Why Western Australia wants data scientists

With 70% of the country’s goods export coming from the mining industry, it is not a surprise that the industry is looking to tap into the value of data through data scientists.

Mine, tunnel front, silhouette of a successful miner/worker.
aeduard / Getty Images

The resources sector makes for 8% of Australia’s economy, with exports generating billions every year and accounting for 70% of the country’s goods exports. With almost half of Australia’s mining companies located in Western Australia, the state government is looking at how mining companies there are using data science for prediction and optimisation across the business and what issues Western Australia companies face in hiring data scientists.

Western Australia is also home to the Pawsey Supercomputing Centre, one of two high-performance computing facilities in Australia; such centres do modelling, analytics, and other forms of complex computing that extensively use data science.

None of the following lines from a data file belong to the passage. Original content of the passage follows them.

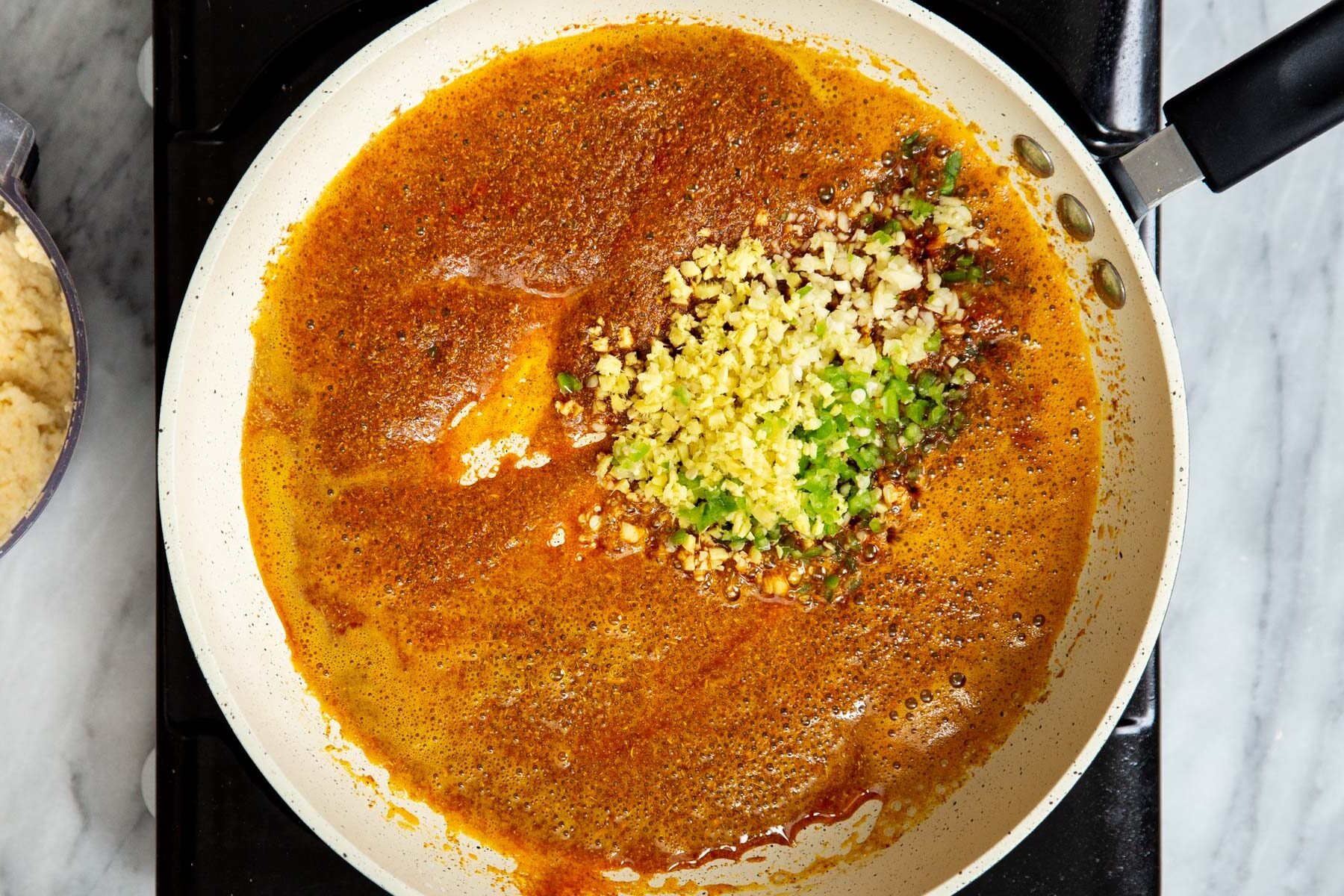 spices, garlic, chili and ginger frying in a sauteeing pan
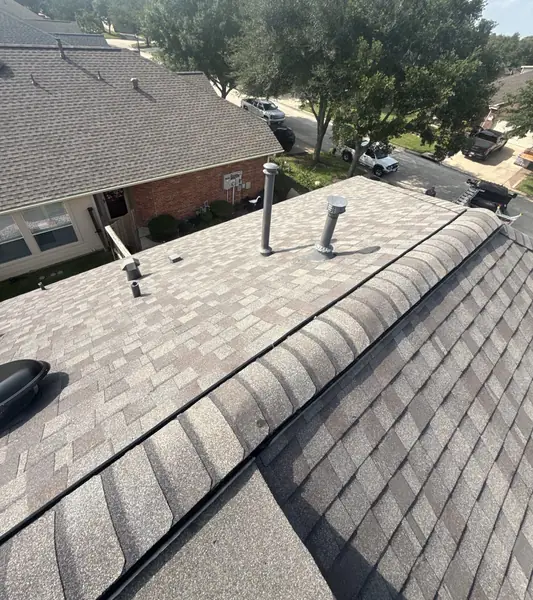 Driftwood laminate roof and brick chimney on a Pearland home in 77581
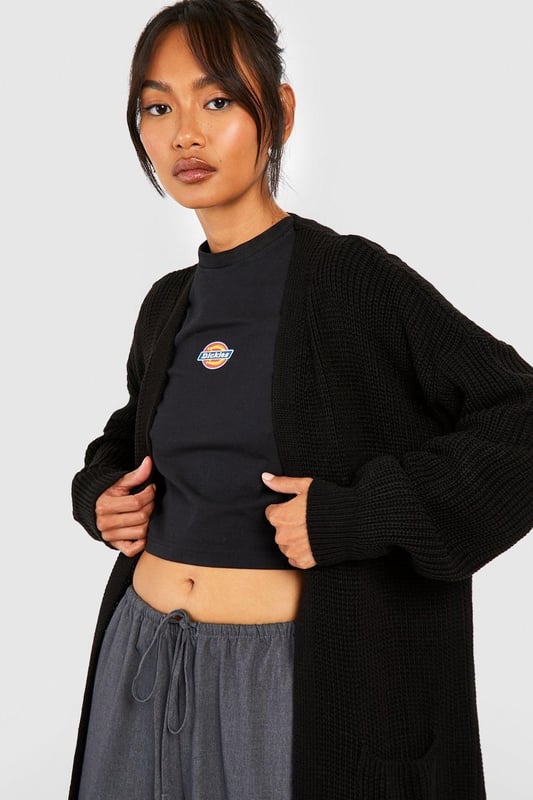 Oversized boyfriend fit for a relaxed, effortless look
        Edge-to-edge design with no fastenings for easy layering
        Chunky knit texture adds depth and warmth
        V-neckline enhances the casual, laid-back vibe
        Long sleeves with ribbed cuffs for a cosy finish
    
    Embrace the casual-cool aesthetic with this Fisherman Edge To Edge Boyfriend Cardigan from Boohoo. Perfect for those who love to blend comfort with style, this oversized piece is a versatile addition to any wardrobe. Layer it over a crop top and wide-leg trousers for an on-trend look that's ideal for coffee dates or casual outings. The chunky knit texture not only provides warmth but also adds an interesting visual element to your ensemble. For a more polished appearance, pair it with a fitted dress and ankle boots. This cardigan is your go-to for creating effortlessly chic outfits, whether you're heading to a family gathering or a relaxed day out with friends. Its adaptable nature makes it a staple for the fashion-forward woman who values both style and comfort in her everyday wear.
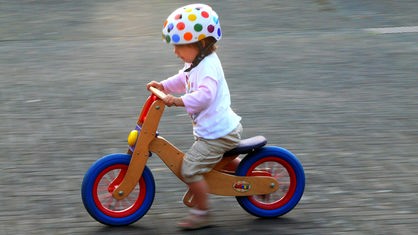 Kind mit Helm auf Laufrad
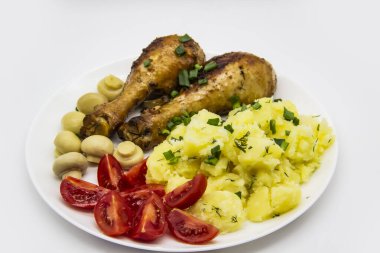 Lezzetli pişirilmiş tavuk budu, patates, domates, beyaz tabakta mantar. Akşam yemeğinde, öğle yemeğinde soğanlı ve dereotlu patates. Baharatta pişirilmiş harika tavuk bacakları. Ukrayna 'nın sağlıklı yemeği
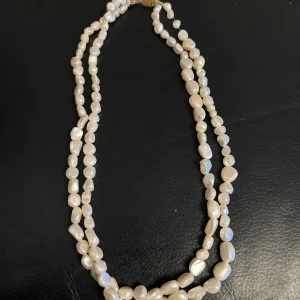 Vitt pärlhalsband med gulddetalj - Elegant halsband med vita pärlor i två rader och en dekorativ guldfärgad låsdetalj. Perfekt för att ge en klassisk touch till din outfit.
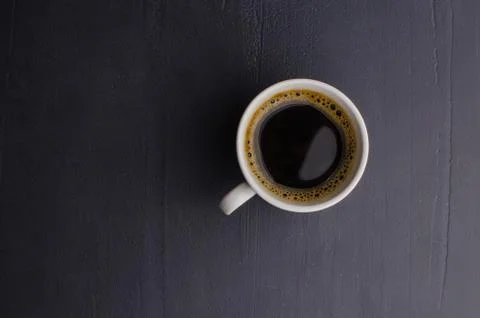 Black closeup on dark backdrop. Coffee espresso on dark background. Stock Photos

According to the November 2020 report ‘Data Science in Western Australia,’ one participant from the mining industry said that every team will have a data scientist in it. ‘Data scientist’ was defined in the report as “one that looks at problems through the patterns in data and applies mathematical constructs to the data to generate knowledge”.

The report, prepared by the WA Data Science Innovation Hub (WADSIH), consultancy KPMG, and AI platform provider Faethm, was based on a survey of the local data science sector.

Having interviewed only 15 organisations covering agriculture, construction, utilities, finance, healthcare, mining, IT, and public administration, the report is far from representing a local picture. But it does share some insights on the importance of data scientists for the region.